I know that many days I don’t spend my time wisely. Hence an entire blog devoted to the subject! But, really, what is spending my time wisely? If today I sit down and write for several hours while my children play with real, non-electronic, toys this is a good use of time, right? But my husband may come home to find lunch dishes still on the table, a load of laundry mildewing in the washing machine, unmade beds – you get the picture – and he certainly would not agree that my time was spent wisely today. If I was a paid writer, perhaps. Therefore, does being paid for something mean that it is not a waste of time? What if you hate your job? What if your real passion was your hobby? What if you have no passion, is your entire life a waste of time?

I know I am not the first person in the history of the modern world to ask these questions. Is even asking these questions just be a big waste of time? Love to hear some comments on the subject!
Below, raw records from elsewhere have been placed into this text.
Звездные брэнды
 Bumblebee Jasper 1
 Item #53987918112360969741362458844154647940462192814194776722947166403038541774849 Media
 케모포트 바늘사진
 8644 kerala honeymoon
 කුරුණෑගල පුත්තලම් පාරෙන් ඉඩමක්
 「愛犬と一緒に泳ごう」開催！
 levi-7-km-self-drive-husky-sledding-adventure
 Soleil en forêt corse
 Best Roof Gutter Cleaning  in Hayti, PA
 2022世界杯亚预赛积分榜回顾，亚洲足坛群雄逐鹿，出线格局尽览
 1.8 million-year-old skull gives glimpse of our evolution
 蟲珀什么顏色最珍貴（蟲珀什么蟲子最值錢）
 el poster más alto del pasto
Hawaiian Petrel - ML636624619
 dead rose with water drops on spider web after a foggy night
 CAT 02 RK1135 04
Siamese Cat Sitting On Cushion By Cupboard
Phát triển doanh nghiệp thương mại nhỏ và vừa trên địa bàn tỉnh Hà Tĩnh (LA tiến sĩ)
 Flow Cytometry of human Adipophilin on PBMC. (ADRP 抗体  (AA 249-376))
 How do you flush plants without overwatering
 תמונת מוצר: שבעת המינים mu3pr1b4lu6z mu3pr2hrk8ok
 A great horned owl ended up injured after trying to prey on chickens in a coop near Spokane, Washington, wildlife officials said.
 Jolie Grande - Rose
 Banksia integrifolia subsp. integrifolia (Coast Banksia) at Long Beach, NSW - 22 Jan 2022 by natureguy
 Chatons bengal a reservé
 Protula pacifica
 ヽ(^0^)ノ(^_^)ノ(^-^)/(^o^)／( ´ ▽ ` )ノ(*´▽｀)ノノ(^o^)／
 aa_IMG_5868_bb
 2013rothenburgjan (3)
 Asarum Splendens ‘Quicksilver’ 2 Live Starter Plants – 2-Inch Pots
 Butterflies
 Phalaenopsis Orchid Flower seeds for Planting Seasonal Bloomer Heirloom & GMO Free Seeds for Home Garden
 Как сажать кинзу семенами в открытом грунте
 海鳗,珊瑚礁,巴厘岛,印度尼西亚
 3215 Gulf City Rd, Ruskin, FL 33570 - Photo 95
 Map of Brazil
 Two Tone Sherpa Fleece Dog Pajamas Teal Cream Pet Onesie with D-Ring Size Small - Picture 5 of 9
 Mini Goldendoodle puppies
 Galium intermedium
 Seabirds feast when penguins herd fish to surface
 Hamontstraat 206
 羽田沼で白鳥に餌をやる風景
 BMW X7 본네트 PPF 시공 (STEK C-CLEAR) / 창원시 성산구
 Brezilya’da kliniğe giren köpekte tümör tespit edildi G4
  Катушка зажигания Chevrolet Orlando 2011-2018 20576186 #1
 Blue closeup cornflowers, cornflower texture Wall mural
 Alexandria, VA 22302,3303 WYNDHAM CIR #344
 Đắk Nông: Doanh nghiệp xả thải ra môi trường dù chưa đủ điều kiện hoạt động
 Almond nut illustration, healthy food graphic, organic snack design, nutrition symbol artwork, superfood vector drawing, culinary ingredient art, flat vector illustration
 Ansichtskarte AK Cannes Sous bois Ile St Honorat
Meanwhile, I've written a blog entry for the week. Check that off my to-do list (waste of time or not, it is done!). Now, off to clean the kitchen. Again. And, just for fun, here's a picture of the mess of a kitchen I am sitting in as I write this entry. Notice the lunch dishes still on the table at 2 pm. My three year old is making a can tower precariously close to my laptop (who is going to clean up this can tower?). A pile of papers sits on the counter behind him. Dishes are stacked next to the sink along with recycling to be taken out. Oh, but notice the count-down to Christmas chain that my daughter and I made together. Yay me.